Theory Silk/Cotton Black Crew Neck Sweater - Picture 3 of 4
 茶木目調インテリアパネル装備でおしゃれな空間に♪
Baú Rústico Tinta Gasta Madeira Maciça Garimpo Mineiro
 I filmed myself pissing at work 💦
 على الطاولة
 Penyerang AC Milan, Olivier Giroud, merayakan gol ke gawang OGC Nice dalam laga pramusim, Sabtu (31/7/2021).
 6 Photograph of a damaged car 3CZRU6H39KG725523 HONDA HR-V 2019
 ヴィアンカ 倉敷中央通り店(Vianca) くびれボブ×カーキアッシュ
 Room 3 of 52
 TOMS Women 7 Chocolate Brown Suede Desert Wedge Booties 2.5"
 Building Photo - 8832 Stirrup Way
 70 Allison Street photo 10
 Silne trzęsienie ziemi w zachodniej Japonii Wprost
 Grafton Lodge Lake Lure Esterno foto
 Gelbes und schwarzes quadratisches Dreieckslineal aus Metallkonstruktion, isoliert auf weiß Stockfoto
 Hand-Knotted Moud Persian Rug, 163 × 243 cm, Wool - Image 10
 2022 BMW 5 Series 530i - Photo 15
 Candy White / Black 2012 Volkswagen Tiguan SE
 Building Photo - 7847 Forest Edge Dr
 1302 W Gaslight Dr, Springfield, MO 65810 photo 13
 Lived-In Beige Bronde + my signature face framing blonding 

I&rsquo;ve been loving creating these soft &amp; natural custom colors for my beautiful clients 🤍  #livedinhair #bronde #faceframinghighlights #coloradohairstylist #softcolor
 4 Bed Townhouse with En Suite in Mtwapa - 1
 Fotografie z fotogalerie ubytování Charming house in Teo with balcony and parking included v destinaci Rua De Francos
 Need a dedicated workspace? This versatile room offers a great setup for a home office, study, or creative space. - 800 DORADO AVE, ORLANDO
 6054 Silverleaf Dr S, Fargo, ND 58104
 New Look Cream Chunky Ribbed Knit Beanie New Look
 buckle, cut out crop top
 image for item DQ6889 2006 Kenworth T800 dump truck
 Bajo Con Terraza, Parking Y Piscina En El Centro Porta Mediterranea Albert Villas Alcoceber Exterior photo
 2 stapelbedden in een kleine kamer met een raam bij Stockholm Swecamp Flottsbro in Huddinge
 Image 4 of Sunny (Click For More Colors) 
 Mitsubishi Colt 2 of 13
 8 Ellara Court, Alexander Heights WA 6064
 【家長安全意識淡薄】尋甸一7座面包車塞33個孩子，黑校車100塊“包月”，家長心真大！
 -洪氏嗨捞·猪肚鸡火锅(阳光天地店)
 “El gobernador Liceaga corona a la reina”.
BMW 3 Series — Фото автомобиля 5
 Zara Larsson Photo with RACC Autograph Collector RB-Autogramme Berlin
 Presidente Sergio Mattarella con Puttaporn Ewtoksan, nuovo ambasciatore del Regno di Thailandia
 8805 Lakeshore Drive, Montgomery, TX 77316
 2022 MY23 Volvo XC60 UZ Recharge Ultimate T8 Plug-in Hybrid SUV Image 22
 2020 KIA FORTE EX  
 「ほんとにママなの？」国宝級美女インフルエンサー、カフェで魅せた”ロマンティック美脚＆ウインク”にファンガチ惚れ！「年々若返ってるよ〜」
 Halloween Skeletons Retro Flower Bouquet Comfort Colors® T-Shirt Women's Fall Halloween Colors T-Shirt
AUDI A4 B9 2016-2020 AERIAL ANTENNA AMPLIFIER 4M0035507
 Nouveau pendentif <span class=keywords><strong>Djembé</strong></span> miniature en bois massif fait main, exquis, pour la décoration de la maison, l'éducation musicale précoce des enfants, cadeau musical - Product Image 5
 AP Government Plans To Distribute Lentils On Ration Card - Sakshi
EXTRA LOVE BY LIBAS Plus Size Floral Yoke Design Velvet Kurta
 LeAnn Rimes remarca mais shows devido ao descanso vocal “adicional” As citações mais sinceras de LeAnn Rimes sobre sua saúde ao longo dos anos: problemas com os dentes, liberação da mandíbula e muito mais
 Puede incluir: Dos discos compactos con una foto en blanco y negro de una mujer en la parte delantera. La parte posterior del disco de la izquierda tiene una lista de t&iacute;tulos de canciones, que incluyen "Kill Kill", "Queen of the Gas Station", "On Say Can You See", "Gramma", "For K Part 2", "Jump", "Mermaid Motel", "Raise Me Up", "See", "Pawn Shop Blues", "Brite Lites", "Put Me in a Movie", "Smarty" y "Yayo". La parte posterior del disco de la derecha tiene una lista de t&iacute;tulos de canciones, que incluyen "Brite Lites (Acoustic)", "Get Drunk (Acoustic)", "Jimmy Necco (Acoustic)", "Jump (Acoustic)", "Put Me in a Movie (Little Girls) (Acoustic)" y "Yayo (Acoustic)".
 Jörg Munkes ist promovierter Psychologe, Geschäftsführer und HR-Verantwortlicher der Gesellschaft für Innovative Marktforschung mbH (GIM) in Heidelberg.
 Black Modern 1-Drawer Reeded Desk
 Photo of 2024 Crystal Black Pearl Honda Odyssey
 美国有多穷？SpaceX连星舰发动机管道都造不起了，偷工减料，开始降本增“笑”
--
▶ [Exercise description]: Whenever a line of the listing above holds the word "Women", copy that line.

▶ [Answer box]:
 TOMS Women 7 Chocolate Brown Suede Desert Wedge Booties 2.5"
 Halloween Skeletons Retro Flower Bouquet Comfort Colors® T-Shirt Women's Fall Halloween Colors T-Shirt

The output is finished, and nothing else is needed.